Seit 1970 führt das Nationale Statistikinstitut INE alle Vierteljahre Buch über die Wirtschaftsentwicklung. Einen ähnlichen Einbruch verzeichnet die Statistik nicht. Nicht einmal auf dem Höhepunkt der Finanz- und Immobilienkrise. Im ersten Quartal 2009 sank das BIP um vergleichsweise milde 2,9 Prozent. Selbst während des Kuba-Kriegs 1896 oder der Weltwirtschaftskrise Ende der 1920er und Anfang der 1930er Jahre, haben Berechnungen ergeben, erlebte Spanien keinen solchen Absturz. Lediglich 1936, als der Bürgerkrieg ausbrach, sank die Wirtschaftskraft im Jahresvergleich mit minus 26,8 Prozent um den bislang höchsten Wert. Sollte sich das dritte Quartal 2020 ähnlich desaströs entwickeln, könnte die Marke übertroffen werden.

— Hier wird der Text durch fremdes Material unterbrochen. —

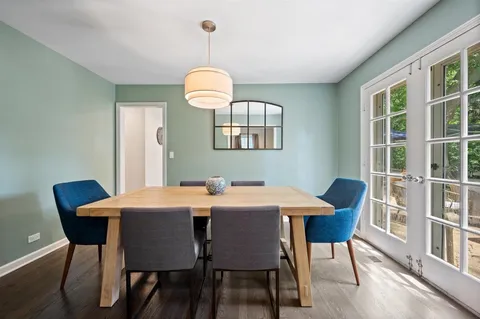 $1,399,000 | 2223 Crestview Lane, Wilmette, IL 60091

Spanien leidet mehr als andere
Der BIP-Einbruch von 18,5 Prozent kommt nicht überraschend. Die Banco de España hatte für das zweite Quartal bereits prognostiziert, dass die Wirtschaft zwischen 16 und 21,8 Prozent schrumpfen könnte. Auch dass Spanien unter der Corona-Krise mehr leiden würde als andere Volkswirtschaften, war erwartet worden – USA minus 9,5 Prozent, Deutschland minus 10,1, Italien 12,4 und Frankreich 13,8 Prozent. Zum einen hatte Spanien mit die schärfsten Corona-Einschränkungen. Zum anderen dominieren hier mit dem Tourismus und der Automobilindustrie die Branchen, die von der Krise am stärksten betroffen waren.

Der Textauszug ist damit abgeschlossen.